Y la otra observación es sobre otro de los alumnos, que no es ya personaje secundario, sino terciario. Es el que boicotea las clases. Uno con cara de mula parda que cuando Keating manda componer un poema, suelta en plan graciosillo: «El gato / esperó un rato» (en versión original: «The cat / sat / on the mat», con tres versos y todo), y que cuando se manda leer un verso y dar una patada a un balón, lo hace sin ganas, arruinando el efecto. Todos también conocemos a alguien así. No sé si es fácil de recordar a este personaje.

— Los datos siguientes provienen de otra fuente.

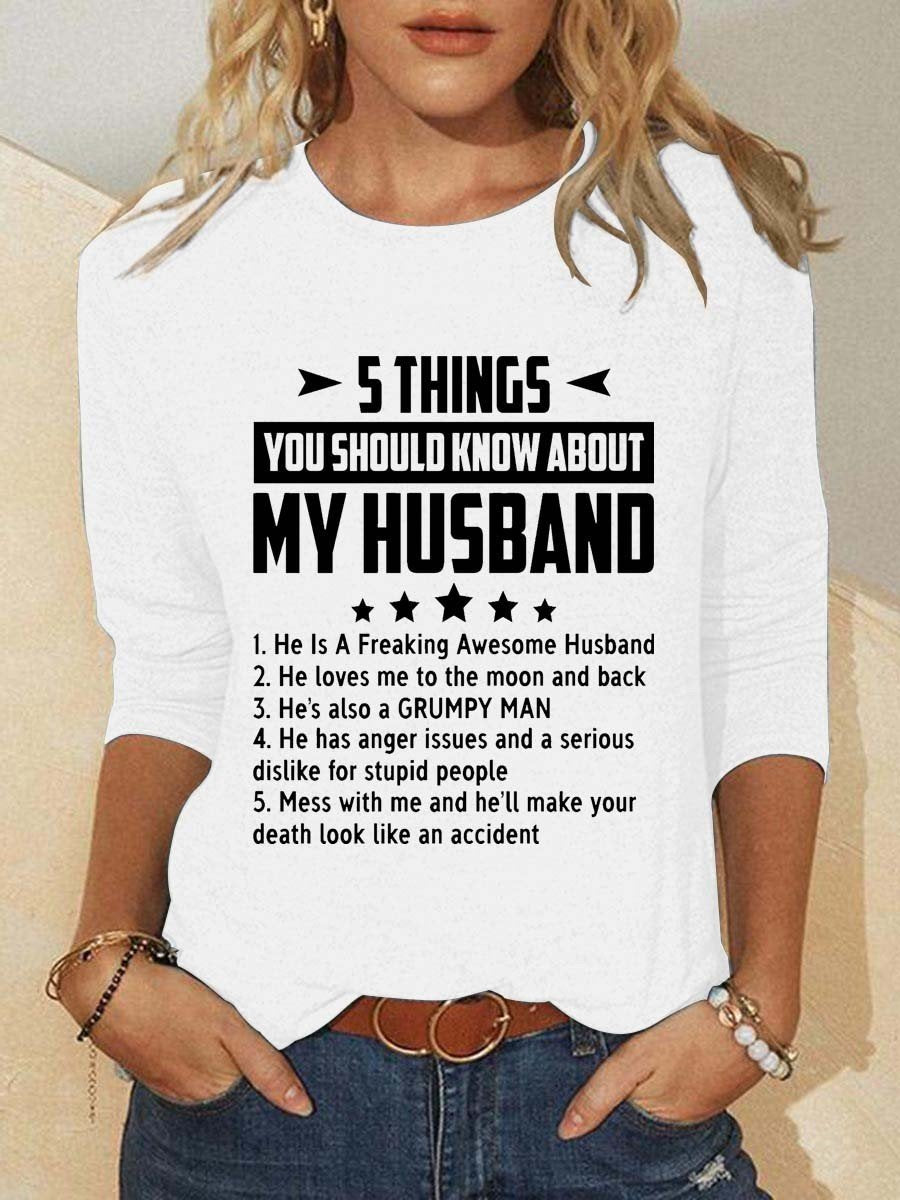 Women Five Things About My Husband Long Sleeve Top - Outlets Forever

Bueno, pues al final, en la escena de subirse a los pupitres, él es uno de los que se sube (que no todos lo hacen, entre ellos Cameron). Curiosamente, me vende él más el valor de la escena que los demás. De los demás se espera que lo hagan, e incluso les pongo la pega de que tardan demasiado en imitar a su colega Todd (aunque al menos así da más tiempo a oír la épica música de Maurice Jarre). Pero que el mula parda este, aunque sea a regañadientes, se dé cuenta de lo que ha perdido y de lo que le va a venir a cambio tras tanto poner cara de asco, la verdad es que me parece un bonito momento. Y qué demonios, una película que sea capaz de acabar con la escena de los pupitres y que suene a auténtica, por parodiable que quede, es un verdadero logro. Que parodien cuanto quieran mientras aprendan quién era Walt Whitman.